— TASK DESCRIPTION —
From the first line to the last, repeat the data exactly and drop the pictures.

— INFORMATION GIVEN —
········

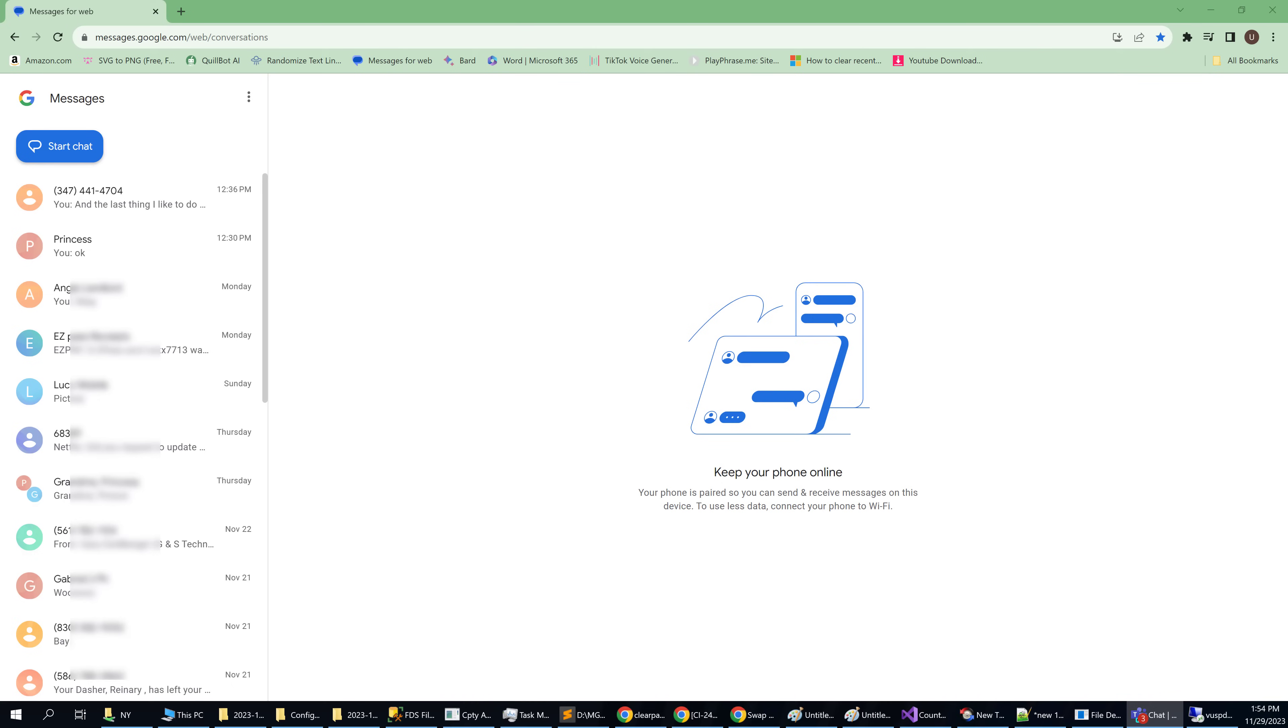First I will show you how to connect your phone using the web browser to send and receive text messages, and then I'll show you the other option which is installing the messaging application.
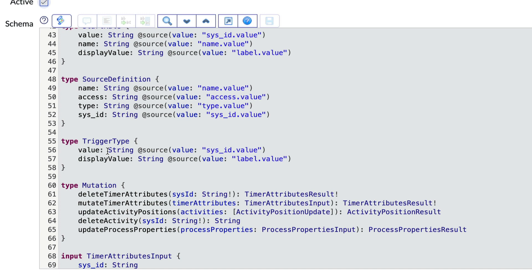These are used to make the schema more readable and provide for reuse of complex input types across multiple queries and mutations.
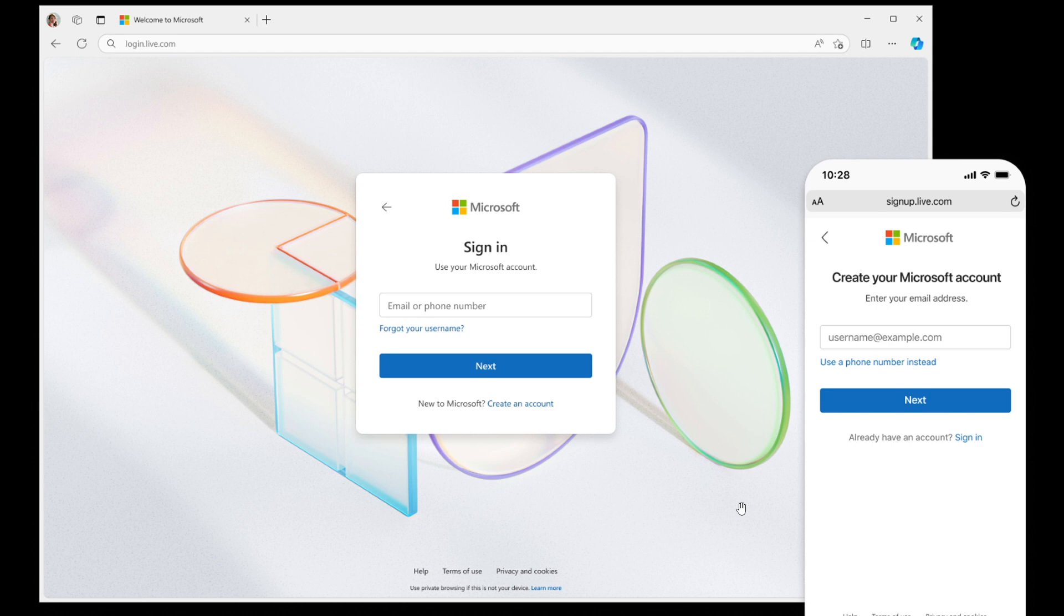Now, according to Microsoft, there are over 1 billion accounts that people use to sign into Windows, Microsoft 365, Xbox, and so on. And because of this, they're making the sign-in process more modern, simple, and secure, quote unquote.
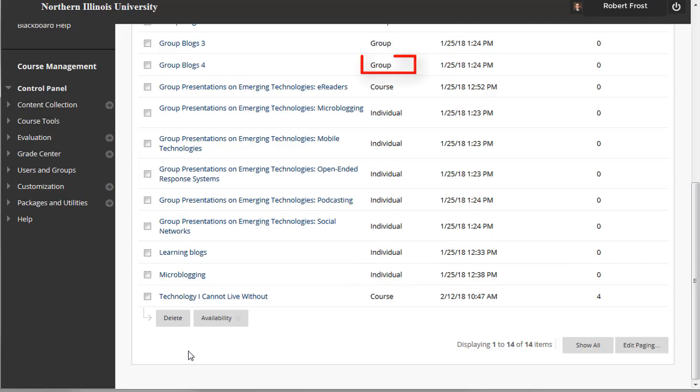Group blogs: If you enable the Blogs tool for a group, all group members can add blog entries, and make comments on blog entries, building upon one another's work. Any course members can view group blogs, but can only add comments. A group blog is different from a thread of discussion, as each entry does not need to continue a discussion of the previous entry, but can be a stand-alone creation.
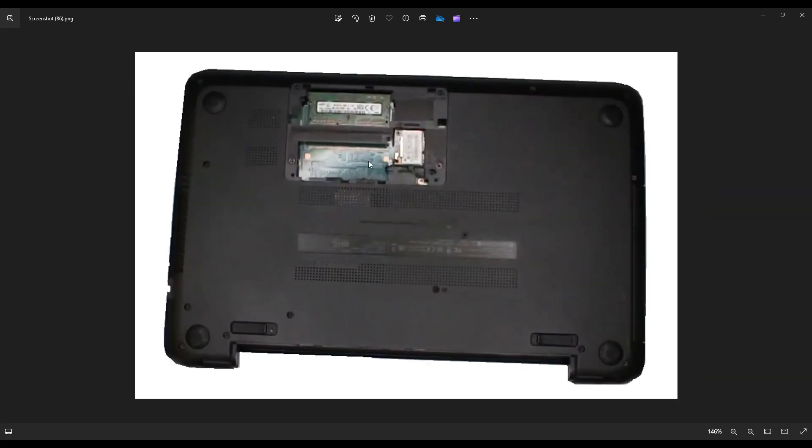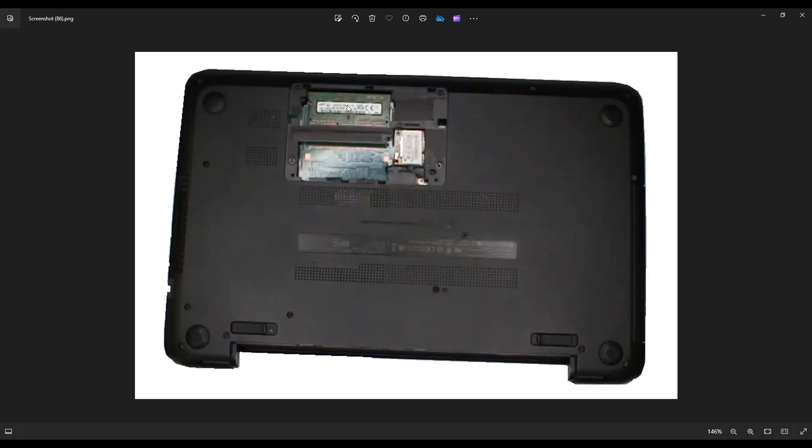This is where you'll see your two RAM ports and Wi-Fi card. The Wi-Fi card is super easy—it's held in by one screw, then you can slide it out. For the RAM, you should have two ports. Many of you will only have one stick of RAM that comes stock in this machine.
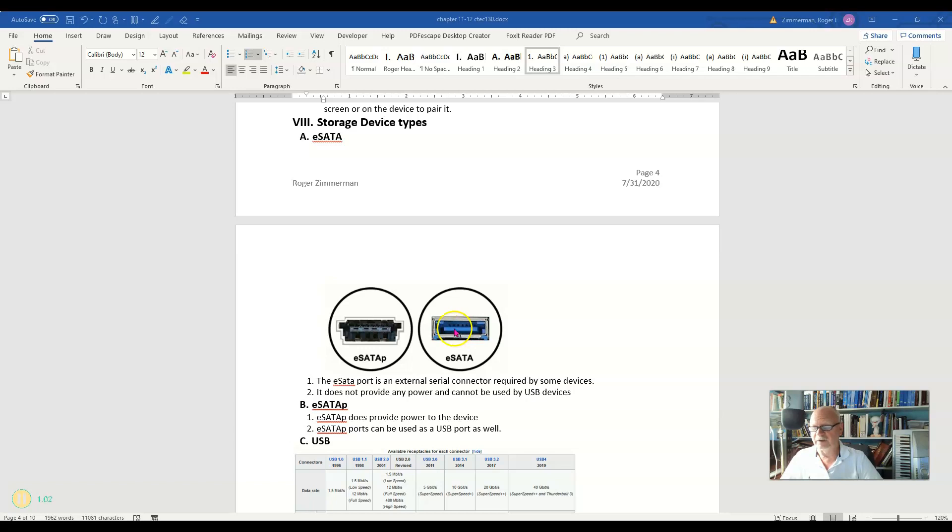By the way, you'll notice that the eSATA port looks an awful lot like a USB port. In fact, very much like a USB type A port. However...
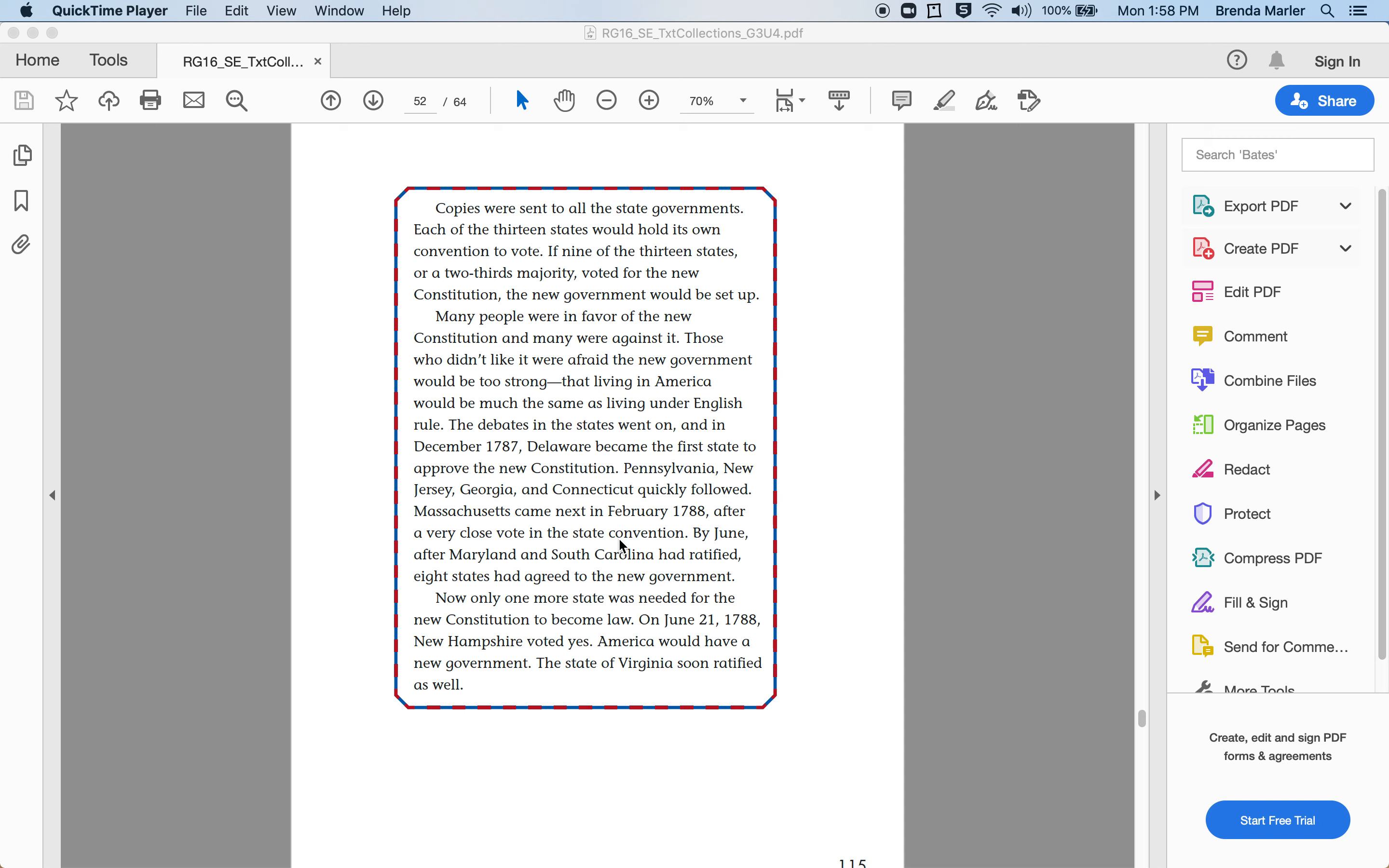Pennsylvania, New Jersey, Georgia, and Connecticut quickly followed. Massachusetts came next in February 1788 after a very close vote in the state convention. By June, after Maryland and South Carolina had ratified, eight states had agreed to the new government.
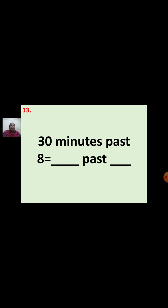Thirteenth question: 30 minutes past 8 equal to dash past dash. 1 hour is 60 minutes and half an hour is 30 minutes. So instead of 30 minutes, you write half. Your answer is half past 8. You can write 30 minutes past 8 or half past 8.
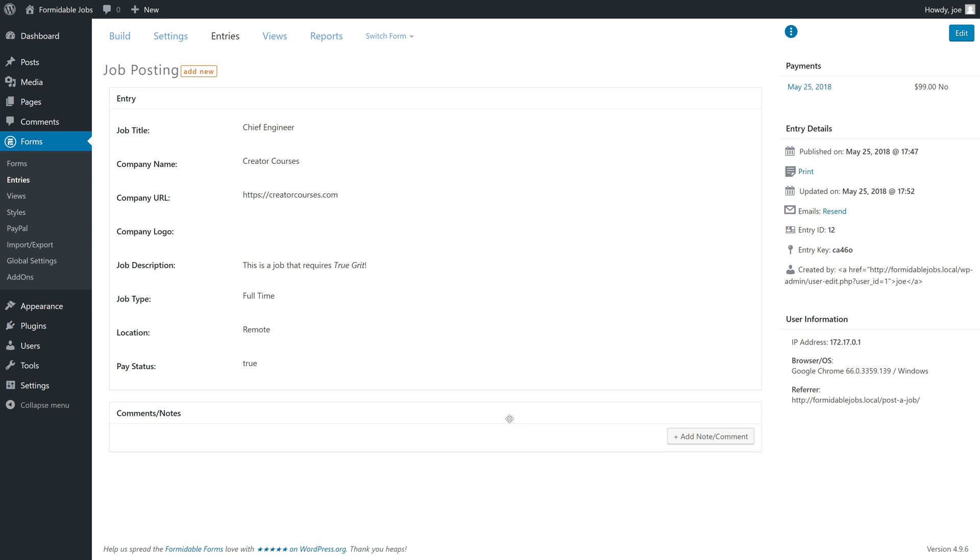So that is it for this video. In it, we set up payment for our form. In the next video, we are going to show form responses on our website.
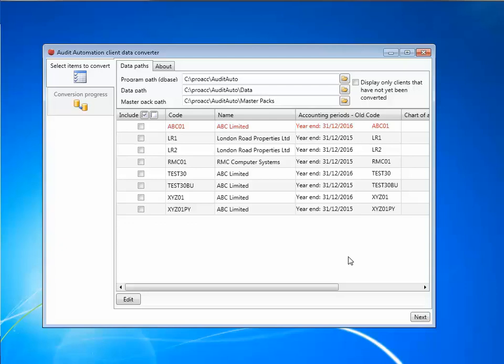Ask your system manager if you do not know where to find this. Please note, before opening the utility, you will need to close both the DBASE and SQL versions of audit automation on your computer.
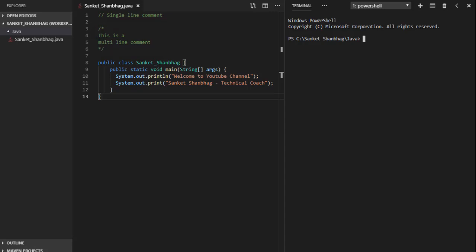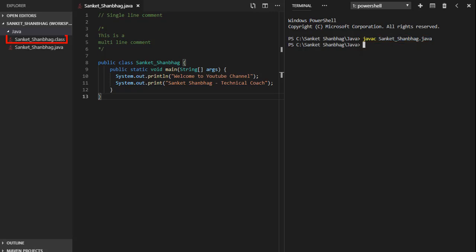We can compile Java program using javac filename.java. .class file gets created. We can execute java program using java filename.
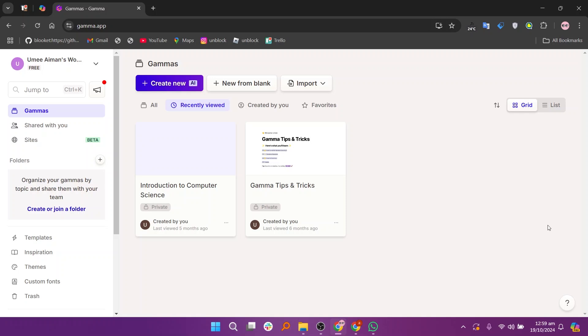First navigate to the GAMA app website on your browser. Once logged in, open any presentation you created in this app.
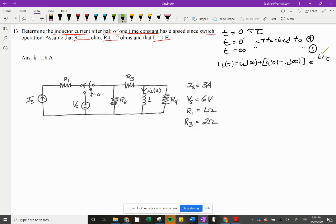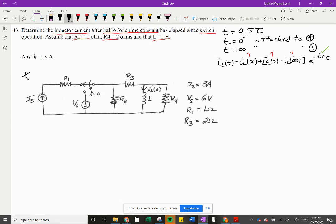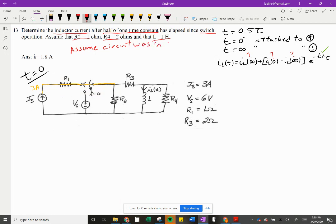Now I'm just going to pick out what we know — we know time, and that's it. We don't know i_L(0), we don't know i_L(∞), but we can go find those. So initially, this is our t=0 circuit, where we're attached to the current source. We know the current coming through here is three amps from the source. We also have to assume the circuit was in steady state before we throw the switch.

········

— SOLUTION FOR THIS EXERCISE —
First I will show you how to connect your phone using the web browser to send and receive text messages, and then I'll show you the other option which is installing the messaging application.
These are used to make the schema more readable and provide for reuse of complex input types across multiple queries and mutations.
Now, according to Microsoft, there are over 1 billion accounts that people use to sign into Windows, Microsoft 365, Xbox, and so on. And because of this, they're making the sign-in process more modern, simple, and secure, quote unquote.
Group blogs: If you enable the Blogs tool for a group, all group members can add blog entries, and make comments on blog entries, building upon one another's work. Any course members can view group blogs, but can only add comments. A group blog is different from a thread of discussion, as each entry does not need to continue a discussion of the previous entry, but can be a stand-alone creation.
This is where you'll see your two RAM ports and Wi-Fi card. The Wi-Fi card is super easy—it's held in by one screw, then you can slide it out. For the RAM, you should have two ports. Many of you will only have one stick of RAM that comes stock in this machine.
By the way, you'll notice that the eSATA port looks an awful lot like a USB port. In fact, very much like a USB type A port. However...
Pennsylvania, New Jersey, Georgia, and Connecticut quickly followed. Massachusetts came next in February 1788 after a very close vote in the state convention. By June, after Maryland and South Carolina had ratified, eight states had agreed to the new government.
Thirteenth question: 30 minutes past 8 equal to dash past dash. 1 hour is 60 minutes and half an hour is 30 minutes. So instead of 30 minutes, you write half. Your answer is half past 8. You can write 30 minutes past 8 or half past 8.
So that is it for this video. In it, we set up payment for our form. In the next video, we are going to show form responses on our website.
Ask your system manager if you do not know where to find this. Please note, before opening the utility, you will need to close both the DBASE and SQL versions of audit automation on your computer.
We can compile Java program using javac filename.java. .class file gets created. We can execute java program using java filename.
First navigate to the GAMA app website on your browser. Once logged in, open any presentation you created in this app.
Now I'm just going to pick out what we know — we know time, and that's it. We don't know i_L(0), we don't know i_L(∞), but we can go find those. So initially, this is our t=0 circuit, where we're attached to the current source. We know the current coming through here is three amps from the source. We also have to assume the circuit was in steady state before we throw the switch.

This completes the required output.